Q:

What can I do to learn the basics, to just get oriented to the whole topic of estate planning?

A:

Well, first and foremost, we offer a free initial consultation that usually lasts somewhere between half an hour and an hour. That’s a good way to come in and find out what a trust is all about, what wills are about, what powers of attorneys are about, both general durable powers of attorney, which are financial and business type documents, as well as healthcare powers of attorney, which are for healthcare and making that pull the plug decision. Those are things for somebody that doesn’t understand it, it’s a real good way to ‑‑ you get a free half an hour to an hour of an attorney’s time to answer your questions, have these things explained to you, and put you in a position to where you really understand a whole lot better about what a conservatorship is and why you don’t want to leave it to your kids in a conservatorship.. Would you like your kid at age 18 to take their share, all of their inheritance and do whatever they wanted with it? I think in today’s world, 18 year olds are generally not thought of as competent to handle large sums of money. Even if you were only leaving your son or daughter $40,000 or $50,000, would you want them to have it at age 18 all at once? Or would you rather have somebody manage it for them until they got a little older and use it for their health, welfare and education. We generally specify that education includes college, graduate school, or if they feel like it, trade school.

Q:

So, Bob, if you set up a trust for us, can I say that we have an estate plan per se? Can I check that off my bucket list? Or is there more to estate planning?

A:

Essentially, Estate Planning is a trust, it’s a pour‑over will, it’s a general durable power of attorney and it’s a healthcare power of attorney. Those are the documents that are usually encompassed by the concept of an estate plan.

Q:

Then can I sit back and say, “We have done our estate planning"?

A:

Yes. Again, there can be other things down the road. For higher net worth individuals, there’s a different type of trust that can be used that would double what is now $5,250,000 that can be passed tax free, so that each member of the marriage could leave that same amount, that $5,250,000. Now you’ve got $10.5 million that you can pass on to your kids tax free. So, depending on your financial situation, there are other things that can be done. There are various and sundry other types of estate planning things that can be done that the average person doesn’t need. There are things called irrevocable life insurance trusts or ILITs. But those are things that most people don’t need. There are some people who can use them.

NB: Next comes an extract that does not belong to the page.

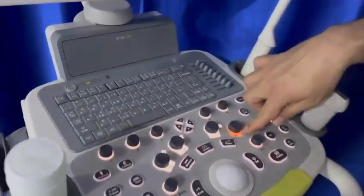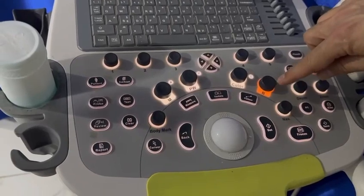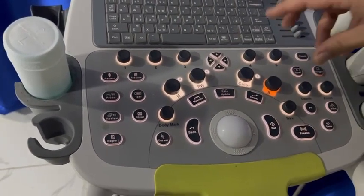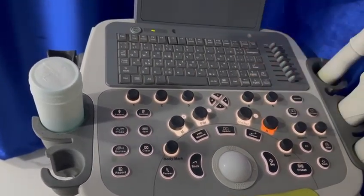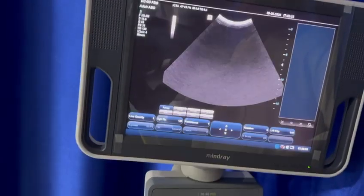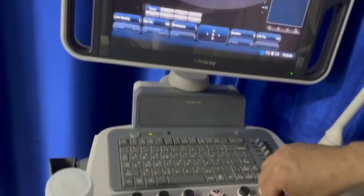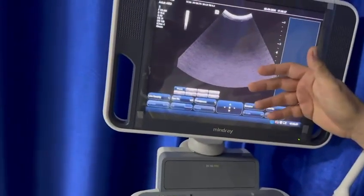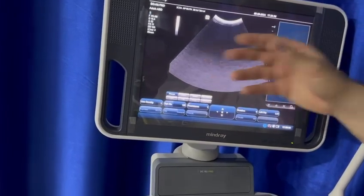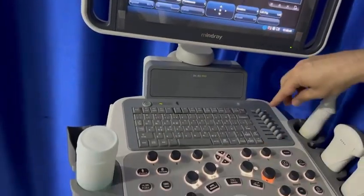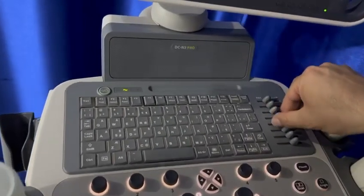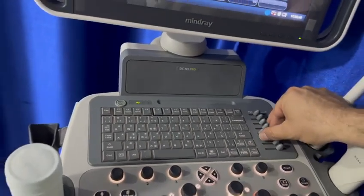Hi everybody, let's talk about the TGC, 2D gain, overall gain, or receiver gain — what is the difference between them? As you can see here, the B-mode or brightness mode has a button for the 2D gain or overall gain or brightness. If I increase or decrease it, it will affect equally the entire picture from top to bottom, left to right. If you change only the TGC — time gain compensation — it will work only in a specific area.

There’s a lot of things that can go into it, but for the average person having a revocable living trust, which again, revocable means you can revoke it later, but you can also ‑‑ and this is more important for most people ‑‑ you can amend it. That gives you flexibility that as things change over time, whether it’s the age of distribution.

As an example, if you started out and you prepared a trust and your kids were three and five years old. It’s going to be distributed at 25. As your kids get older, maybe you see that 25 is either way too early for both of them, or maybe it’s too early for one and perfect for one of the others. Maybe you have to amend your trust so that one child doesn’t get it until 30 or 35, but the other is good at 25.

There are lots of things that over time you may need as they get older, in addition to changing trustees or other things.

Occasionally you have a parent that says, “This particular child of mine is musically gifted. We want them to be able to go to a place for training in music, Juilliard, exactly.” That’s not a regular college. You can put in provisions that say, “We feel that the trust should be used to encourage them to pursue their musical talents wherever that might take them,” or “We want this kid to go to a school to be a chef or something, because they really like that sort of occupation.”

You can specify those things. People put stuff in trusts to allow their kids to go on church missions or to pay fees for certain milestones in their lives. Again, maybe they get a distribution of a certain amount of money if they get a college degree. Or maybe when they get married, the trust will distribute a certain amount of money so they can set up a household or when their first child is born, there’s a certain amount of money. There are lots of things like that that can be incorporated in the trust.